European Union (Withdrawal) Bill 2017-19
The House of Commons Procedure Committee published an interim report on scrutiny of delegated legislation under the European Union (Withdrawal) Bill 2017-19 (EU Withdrawal Bill) in early November. The initial form of the EU Withdrawal Bill proposed to empower ministers to correct primary legislation by way of secondary legislation (known as a “Henry VIII power”) according to the (Parliamentary) negative resolution procedure. The committee’s interim report recognised “widespread concern” about scrutiny measures for such delegated legislation, which in its view “do not go far enough”.
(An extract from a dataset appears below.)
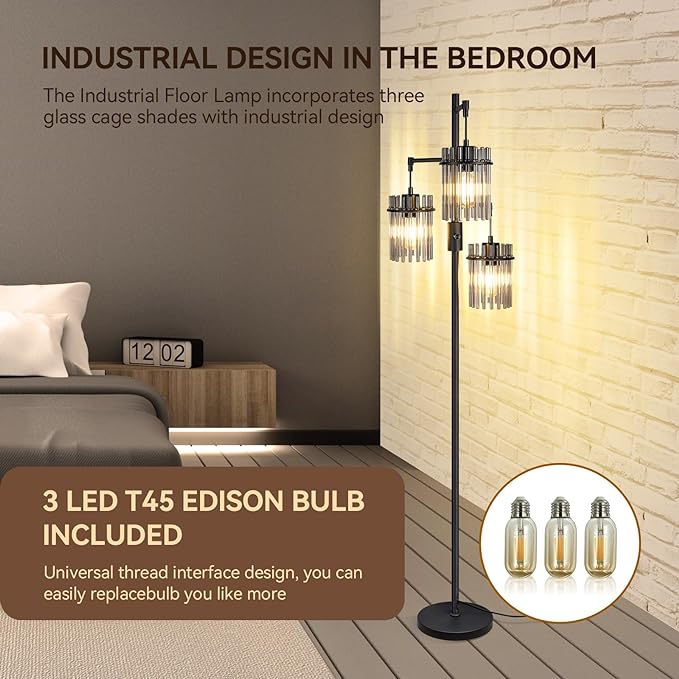 Industrial Modern Floor Lamps for Living Room, Dimmable Glass Tree Standing Tall Lamps with 3 Elegant Teardrop Cage Head & 1200 Lumens LED Bulbs for Bedroom Office (66inch Tall)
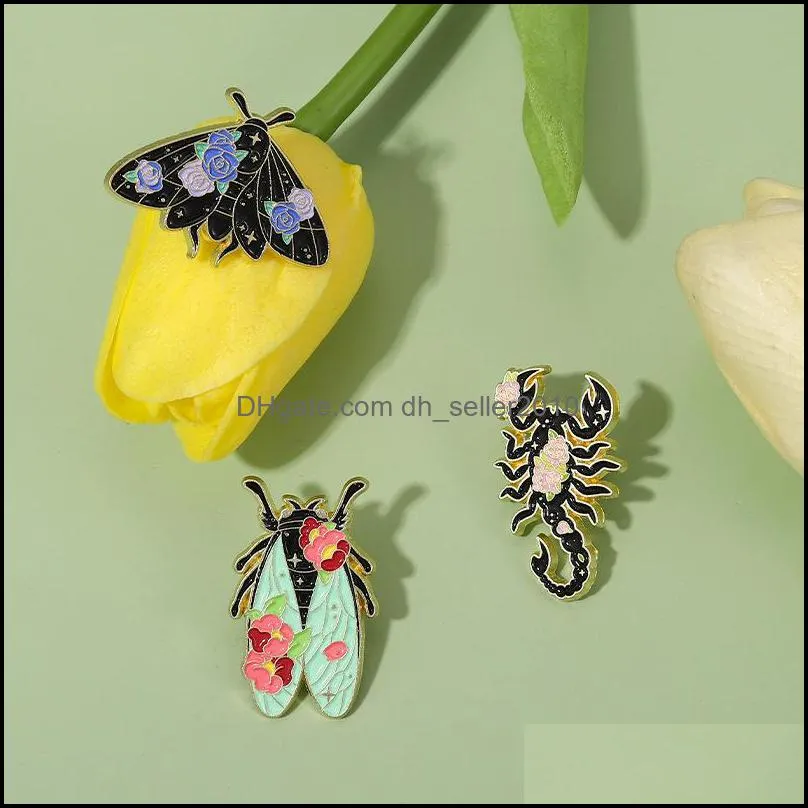 insect brooch  moth scorpion cicada enamel brooches pin and badges jewelry flower pattern creative design 2 47qh e3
On 17 November 2017, the House of Commons’ Exiting the European Union Committee (ExEU committee) published a report on the EU Withdrawal Bill. Among other things, the report noted that evidence the ExEU committee received revealed no consistent view as to the legislative scope or effects of the EU Withdrawal Bill. It perceives this as a sign of risk that the Bill may not achieve the legal certainty after exit day that it aims to.
Sixth round of Brexit negotiations
The sixth round of Article 50 negotiations between the UK and the EU were held over two days on 9-10 November 2017. The discussions focused on the three main withdrawal issues: citizens’ rights, the financial settlement and Northern Ireland/Ireland. The European Council will reassess the state of progress in the negotiations at its next meeting, which is scheduled for 14-15 December 2017.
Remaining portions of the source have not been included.